[[ INPUT, beginning ]]

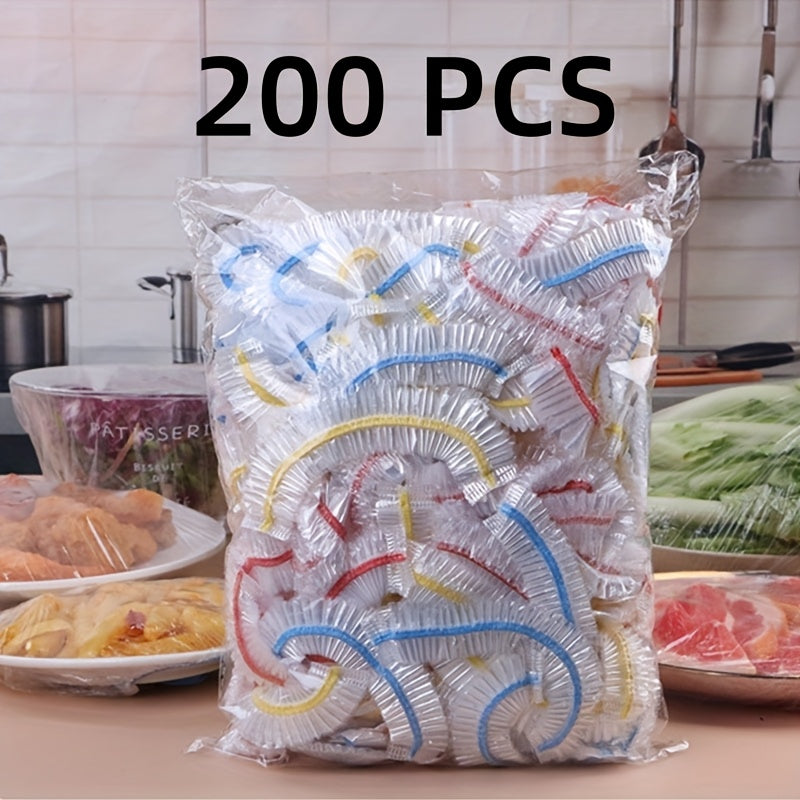 200Pcs Disposable Saran Wrap Food Covers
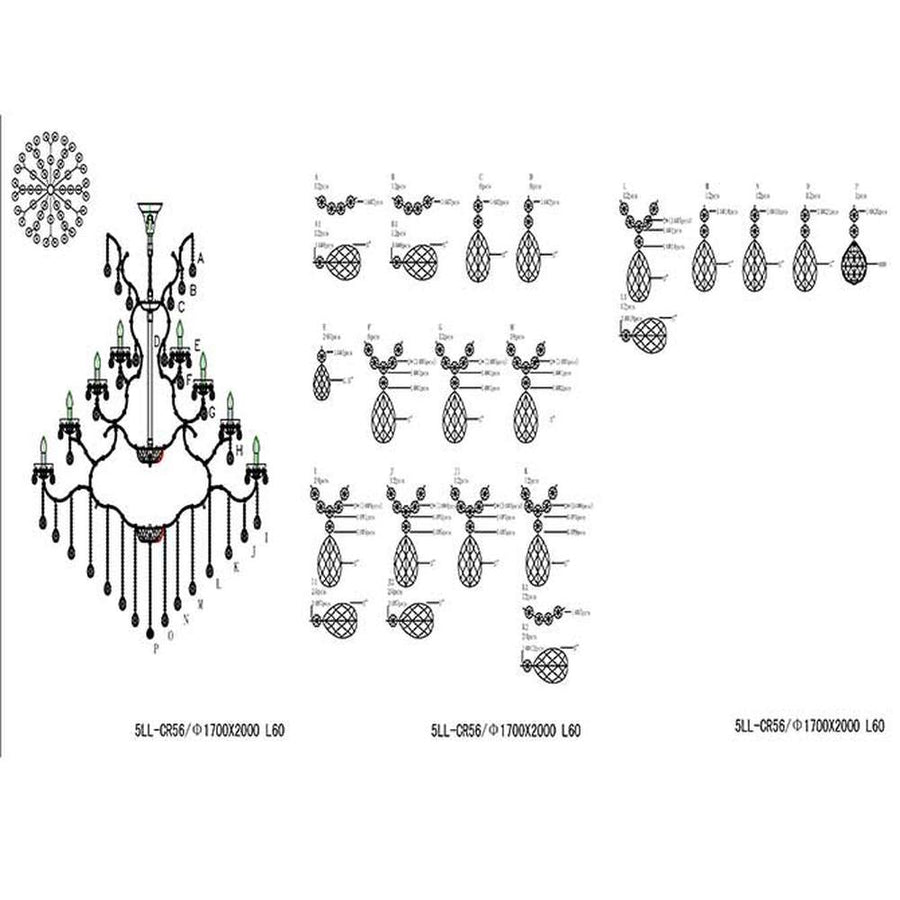 Prémium minőségű, klasszikus stílusú, nagy méretű, üveg kristály csillár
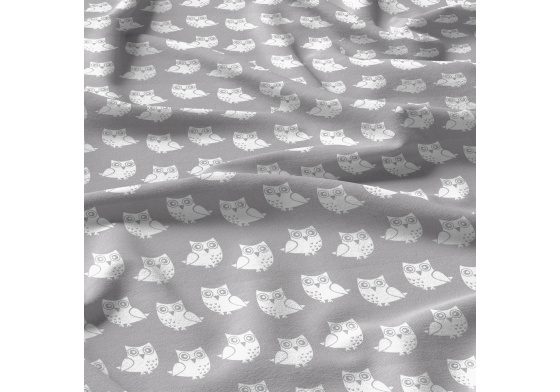 Bavlněné látky, metráž. Sovy na Šedém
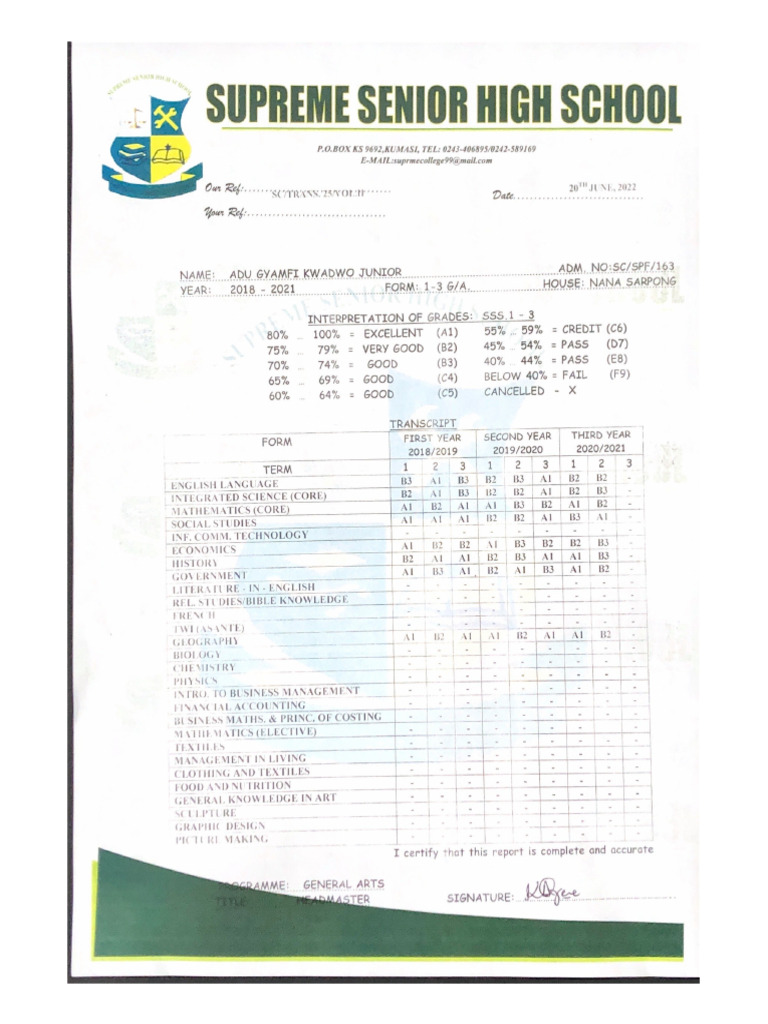 Supreme Senior High School | PDF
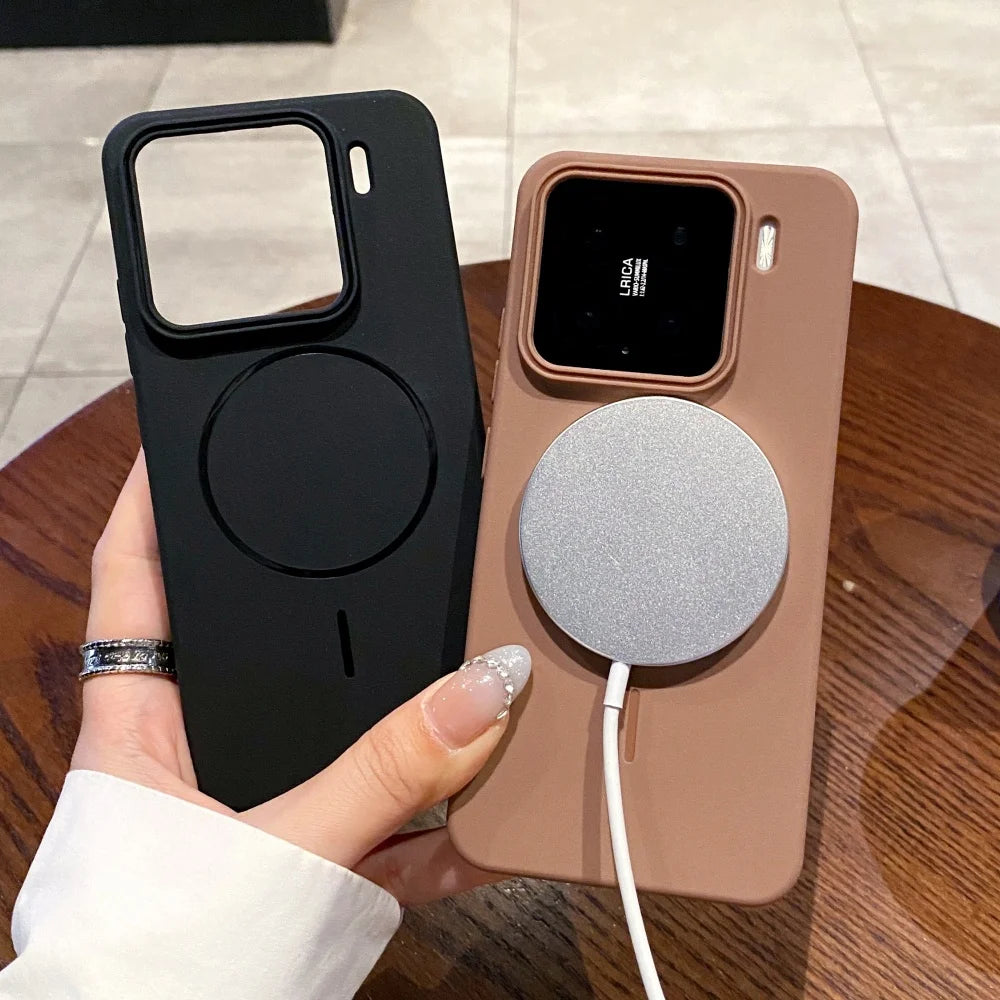 For Magsafe Magnetic Wireless Charging Soft Silicone Case For Xiaomi 15 14 Pro Shockproof Protection Ultra Thin Bumper Cover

[[ INPUT, end ]]

WHAT NEEDS TO BE DONE>
Only an exact copy of the entries, with no pictures, is expected as the answer.

ANSWER TO THE EXERCISE>
 200Pcs Disposable Saran Wrap Food Covers
 Prémium minőségű, klasszikus stílusú, nagy méretű, üveg kristály csillár
 Bavlněné látky, metráž. Sovy na Šedém
 Supreme Senior High School | PDF
 For Magsafe Magnetic Wireless Charging Soft Silicone Case For Xiaomi 15 14 Pro Shockproof Protection Ultra Thin Bumper Cover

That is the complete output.